By Ahmed Tabaqchali, Chief Strategist of AFC Iraq Fund.
Any opinions expressed are those of the author, and do not necessarily reflect the views of Iraq Business News.
“A Ho-hum Month, Ahead of Elections”
The market, as measured by the Rabee Securities U.S. Dollar Equity Index (RSISX USD Index), was up 0.6% for the month, and up 5.9% for the year. The low trading volumes that marked the prior month continued into October, with the average daily turnover at around half the average daily turnover for the prior 12 months.
Just as in the preceding month, the low volumes did not have a negative effect on prices, and the RSISX USD Index traded mostly at the upper end of its medium-term uptrend. Once again, supporting the thesis that the market’s technical picture continues to be positive, and that the RSISX USD Index is continuing with the process of consolidating its gains that started last December, following a blistering 35.9% three-month rally.

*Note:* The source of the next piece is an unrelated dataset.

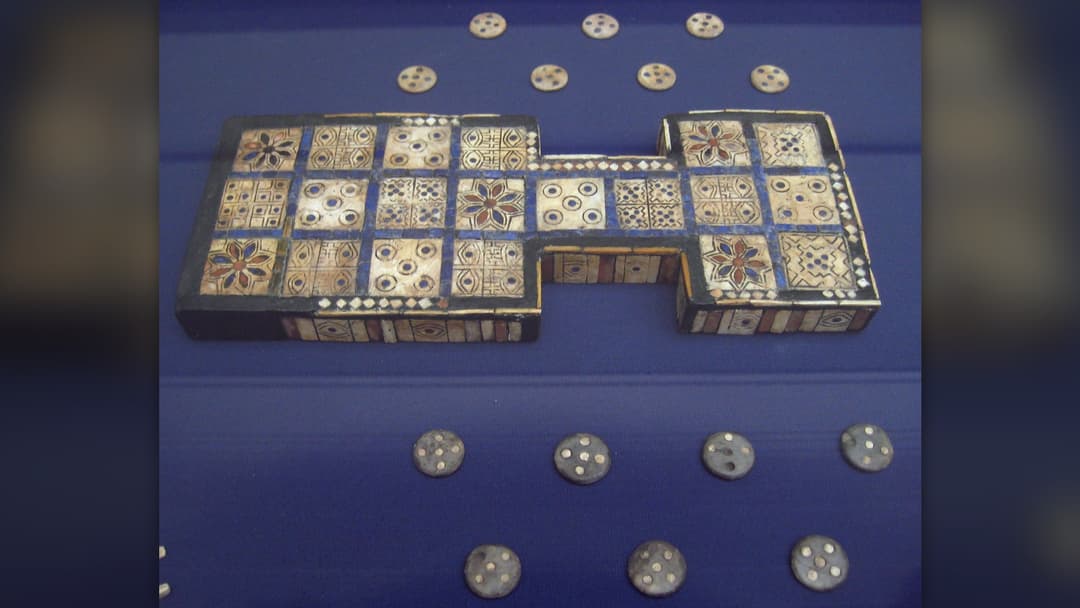 Ancient Sumerian Royal Game of Ur inlaid with shell and lapis lazuli at the British Museum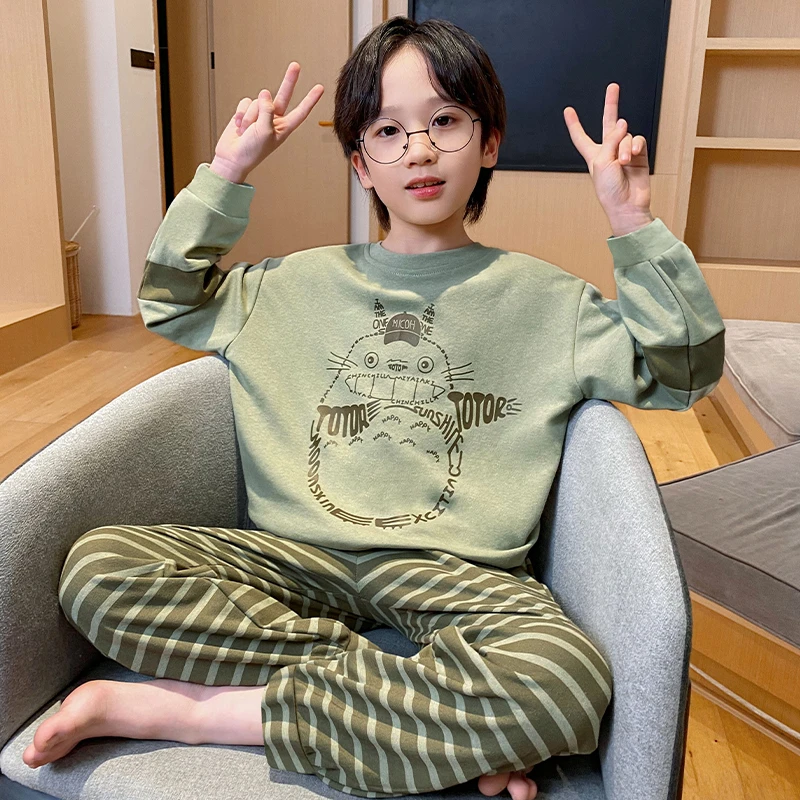 YUZHAOLIN/俞兆林2023新款男童睡衣春秋季纯棉长袖男孩大童家居服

While this consolidation could continue over the next few weeks, the likely consolidation or pullback should be within its multi-month uptrend (chart below).
Rabee Securities U.S. Dollar Equity Index and Daily Turnover
(Source: Iraq Stock Exchange, Rabee Securities, AFC Research, daily data as of October 30th.
Note: daily turnover adjusted for block trades)
The RSISX USD Index’s constituents’ performances were a mixed bag, with five stocks up and five down. Positive performances were led by Baghdad Soft Drinks (IBSD), which was up 8.1%, followed by the National Bank of Iraq (BNOI) up 6.5%, Iraqi Islamic Bank (BIIB) up 3.9%, and AsiaCell Telecom (TASC) up 0.5%.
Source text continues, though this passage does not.